I too have owned, worked on, installed and heard many radial blower design cards, Nvidia has managed to keep many quiet and between the fan blade design, shroud, fins, tolerance and much else two seemingly identical coolers can be significantly different in noise, and what pitch or timbre of noise is produced. Thanks for calling me ignorant.


----------



## GC_PaNzerFIN (Jun 28, 2017)

Steevo said:


> I too have owned, worked on, installed and heard many radial blower design cards, Nvidia has managed to keep many quiet and between the fan blade design, shroud, fins, tolerance and much else two seemingly identical coolers can be significantly different in noise, and what pitch or timbre of noise is produced. Thanks for calling me ignorant.


How many of your NVIDIA cards have had fan at over 4000rpm?

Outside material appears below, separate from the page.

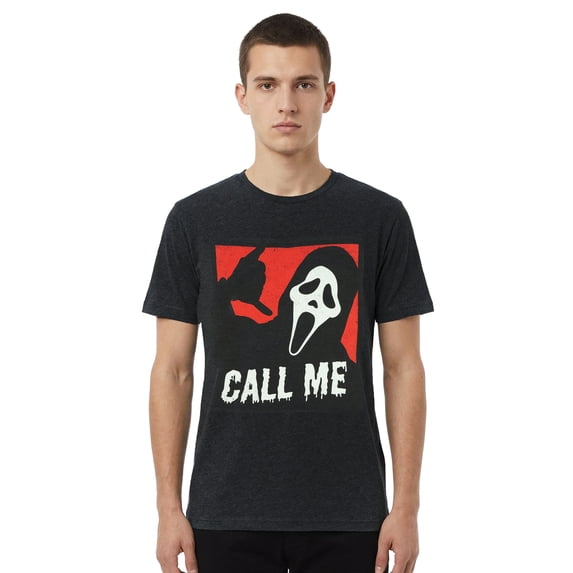 Ghostface T-Shirt Men's Call Me Horror Distressed Short Sleeve Graphic Tee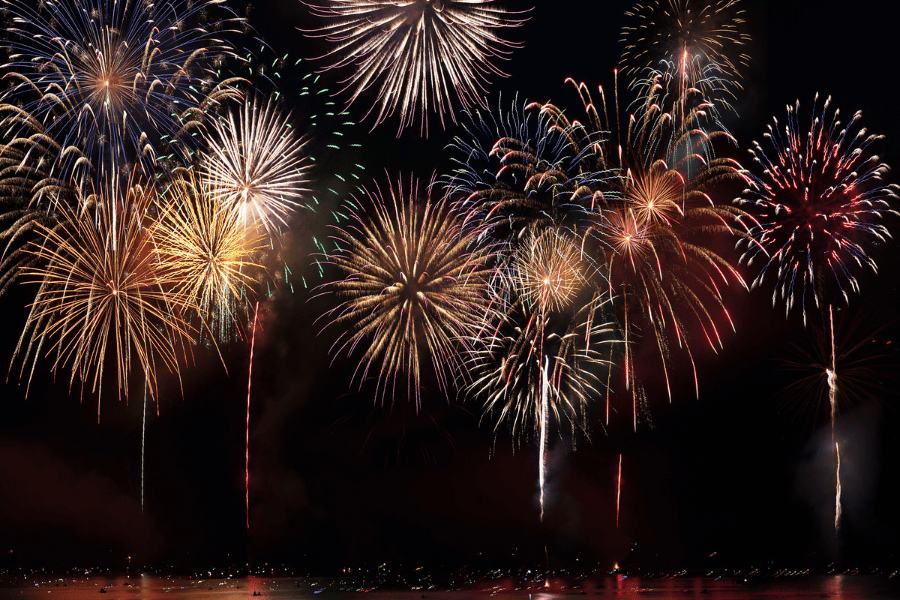 colorful fireworks in the night sky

Want to check latest similar fan design from AMD, here is TPU RX 480 review.
Now add 100W more heat to be transferred off even beefier fin array.


----------



## EarthDog (Jun 28, 2017)

Hugh Mungus said:


> Quite a few more large games have dx12 options. There are thousands of games released every year, so good luck getting through all of them, but there definitely are more games with dx12 (options) than bf1 amd forza. DX12 is mainstream, vulkan is niche and yet there are roughly as many games of each according to wikipedia. The vulkan list may be right, but the dx12 list sure as hell isn't. Just about every new game tested seems to have optional dx12 nowadays and barely any of them made it the list.
> 
> Many of the games without API stated can run in dx12 mode it seems.


yawn.. links...


----------



## rtwjunkie (Jun 28, 2017)

GC_PaNzerFIN said:


> How many of your NVIDIA cards have had fan at over 4000rpm?
> 
> Want to check latest similar fan design from AMD, here is TPU RX 480 review.
> Now add 100W more heat to be transferred off even beefier fin array.


I've always taken W1zzard's noise chart with a grain of salt, and you should too. According to that chart my 780 I used to have should have been very audible, but I never even heard it, even at full load.


----------



## GC_PaNzerFIN (Jun 28, 2017)

rtwjunkie said:


> I've always taken W1zzard's noise chart with a grain of salt, and you should too. According to that chart my 780 I used to have should have been very audible, but I never even heard it, even at full load.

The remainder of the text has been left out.